Le grand Nelson Mandela est mort, à l’âge de 95 ans, le jeudi 5 décembre 2013. L’hommage universel qui lui a été rendu témoigne d’un deuil qui dépassait largement les frontières de l’Afrique du Sud, où se déroulèrent les funérailles nationales du 15 décembre. Le quotidien français La Croix, qui publiait à cette occasion un cahier spécial, a résumé par un très beau titre la vie exemplaire de Mandela: Le destin d’un juste.
Baptisé dans l’Église méthodiste, on a dit de Mandela qu’il fut « un chrétien discret ». Sans doute faut-il comprendre par là que c’était quelqu’un qui prêcha d’abord par l’exemple, et s’il faut retenir une période de sa vie où cet aspect ressort avec une évidence particulière, c’est peut-être celle des 27 ans qu’il a passés en prison.
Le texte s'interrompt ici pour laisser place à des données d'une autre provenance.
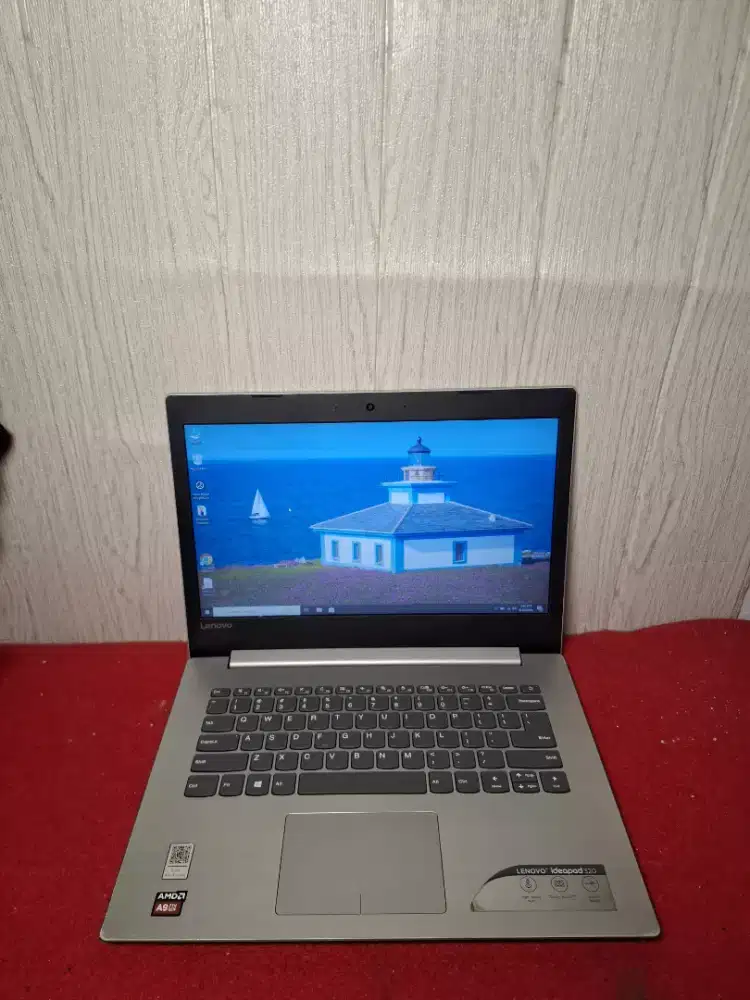 Lenovo Ideapad 320 14AST-AMD-A9 Ram4Gb Hdd320Gb Siap Pakai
Quand on y pense, on se demande bien comment il a pu tenir bon. La première réponse qui vient à l’esprit est simplement: parce que sa cause était juste. Mais peut-être aussi, à considérer les choses d’un autre point de vue: parce qu’il fut touché par la grâce et visité dans sa prison.
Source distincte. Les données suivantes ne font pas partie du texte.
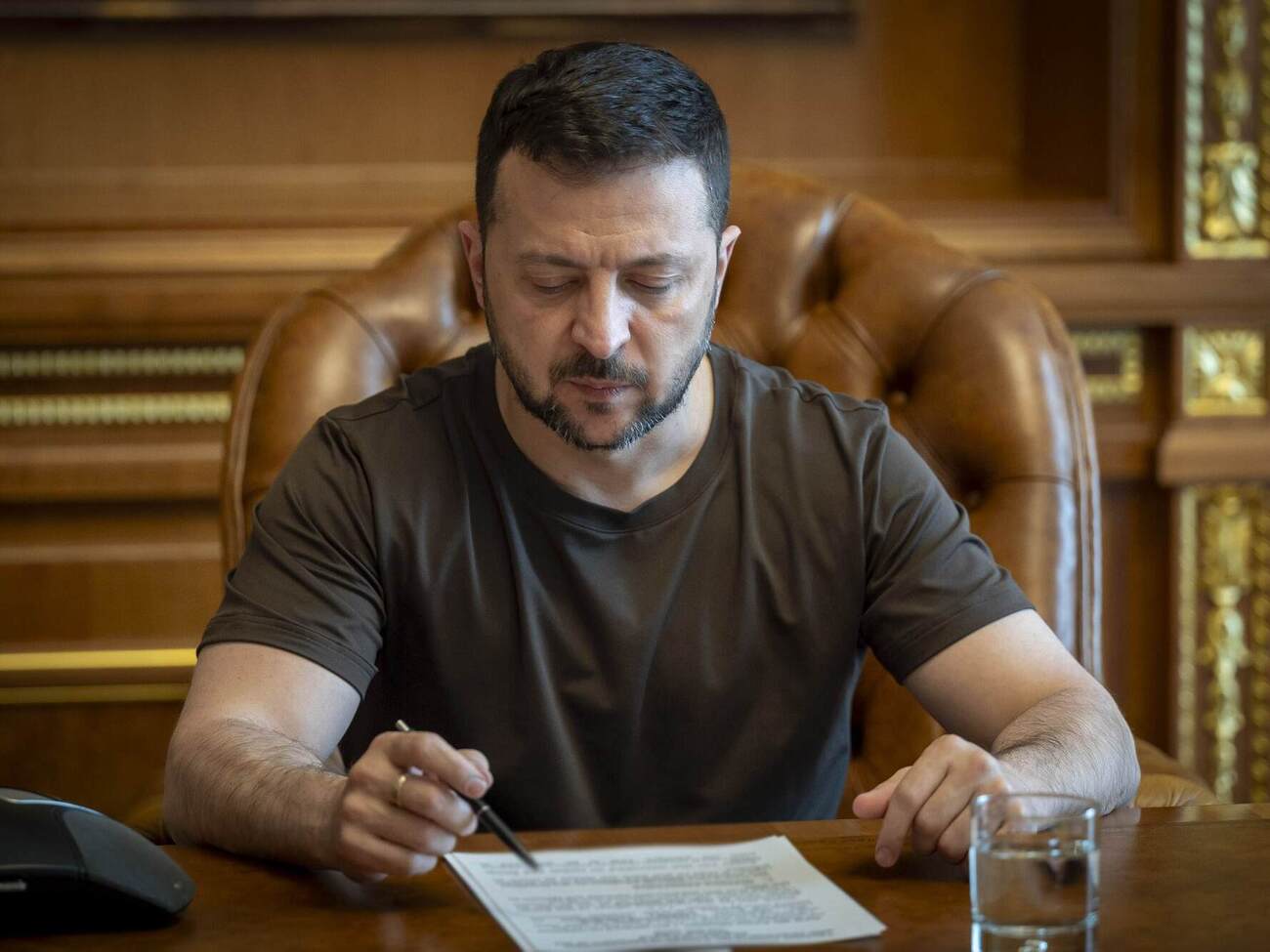 По итогам разговора Зеленский и Туск поручили командам безотлагательно начать работу над текстом двустороннего соглашения о безопасности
Le journaliste de La Croix Laurent Larcher observe que parmi ceux qui chantent les louanges de Nelson Mandela, rares sont ceux qui évoquent sa foi, une dimension souvent gommée au profit de son humanisme. Il est vrai qu’issu de l’Église méthodiste, Mandela lui-même évitait d’en faire état en plublique. À bien l’écouter, cependant, on constate que cette dimension a été centrale dans sa vie. En effet, et sans vouloir leur donner une plus grande signification qu’ils eurent réellement, certains propos de Mandela interpellent.
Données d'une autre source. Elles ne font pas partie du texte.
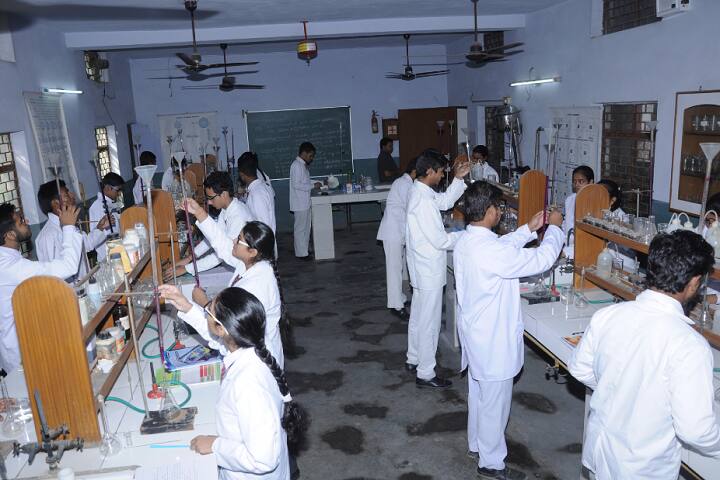 Deepanshu Public School-Lab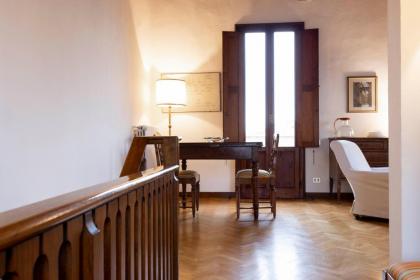 Palazzo Cecchi Luxury Apartment - image 17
On apprend ainsi qu’en 1977, emprisonné à Robben Island, il assiste à tous les services et apprécie certains sermons. Dans sa correspondance, il affirmera plus tard qu’il n’a jamais abandonné ses croyances chrétiennes; il évoque alors son rapport personnel à l’Eucharistie: «Partager le sacrement qui fait partie de la tradition de mon Église était important à mes yeux. Cela me procurait l’apaisement et le calme intérieur.»
Certes, sa conception du religieux évoluera vers une plus grande réserve. En 1994, il en arrive à dire: «Je ne suis pas particulièrement religieux ou spirituel. Disons que je m’intéresse à toutes les tentatives faites pour découvrir le sens de la vie. La religion relève de cet exercice.» Mais cette réserve ne l’empêchera pas d’assigner un rôle important aux religions dans la société. En 1997, il adresse aux religions cette feuille de route à dominante sociologique: «Nous avons besoin que les institutions religieuses continuent d’être la conscience de la société, le gardien de la morale et des intérêts des faibles et des opprimés. Nous avons besoin que les organisations religieuses participent à la société civile mobilisée pour la justice et la protection des droits de l’homme.» Le passé n’est d’ailleurs jamais renié chez Nelson Mandela, au contraire. Formé dans les écoles wesleyennes, Mandela pensait encore en 1995 visiblement le plus grand bien de cette expérience et de son appartenance à l’Église méthodiste: «Je ne saurais trop insister sur le rôle que l’Église méthodiste a joué dans ma vie.» Et il déclare devant le parlement mondial des religions réuni en 1999: «Sans l’Église, sans les institutions religieuses, je ne serais pas là aujourd’hui.»
Comme le souligne son ami Emmanuel Lafont, l’évêque actuel de Cayenne, qui fut prêtre fidei donum à Soweto dans le diocèse de Johannesburg de 1983 à 1996: «Très pudique, Mandela s’exprima peu sur sa foi méthodiste. Mais il manifesta toujours une gratitude élogieuse pour la place prise par les clercs, en premier lieu Mgr Desmond Tutu, et beaucoup de prêtres, religieux et laïcs engagés dans la lutte contre l’apartheid. En toutes choses, il était un homme de gratitude et de reconnaissance.» Et Mgr Lafont conclut ainsi son témoignage: « Grand, car authentiquement humain, il restera pour l’Afrique certainement le géant du XXe siècle, et l’un des quatre ou cinq pour l’univers, sans aucun doute.»
Merci monsieur Mandela, et reposez en paix!